De modo que el accionado desatendió las exigencias del artículo 304 del Código de Procedimiento Civil, en concordancia con los artículos 187 y 303 ibídem y con ello un elemento esencial del debido proceso, en tanto la inteligencia de tales normativas imponen al juzgador el deber de exponer, con brevedad y precisión, los fundamentos de sus conclusiones, basados en el examen crítico de las pruebas y los razonamientos legales, de equidad y doctrinarios, pertinentes al asunto o tema objeto de la correspondiente decisión, lo que no ocurrió en el caso de estudio.

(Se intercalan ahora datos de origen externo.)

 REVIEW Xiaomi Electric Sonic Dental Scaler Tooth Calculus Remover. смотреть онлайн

Así las cosas, este es uno de los eventos que requiere la intervención del Juez Constitucional, puesto que la decisión cuestionada en sede de tutela lesiona el debido proceso del demandante, sin que esta intervención excepcional del Juez de tutela implique interferencia en las atribuciones asignadas por la Constitución y la ley a los jueces ordinarios para definir el conflicto de intereses objeto de la relación procesal, ya que de lo que se trata es de hacer prevalecer la realidad de los derechos fundamentales para que el Juez natural, a vuelta de corregir la falencia antes reseñada, adopte las determinaciones a que haya lugar acorde con las pruebas allegadas al proceso y la normatividad aplicable. 2.

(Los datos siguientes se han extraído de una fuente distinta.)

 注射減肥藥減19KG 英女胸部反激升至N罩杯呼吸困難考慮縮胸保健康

En consecuencia, al estar demostrada la vía de hecho en que incurrió el funcionario aquí demandado al adoptar la decisión cuestionada, se impone la prosperidad de la pretensión tutelar, como en forma acertada lo decidió el Tribunal en el fallo de primera instancia. DECISIÓN En mérito de lo expuesto, la Corte Suprema de Justicia, en Sala de Casación Civil, administrando justicia en nombre de la República y por autoridad de la ley, CONFIRMA la sentencia impugnada.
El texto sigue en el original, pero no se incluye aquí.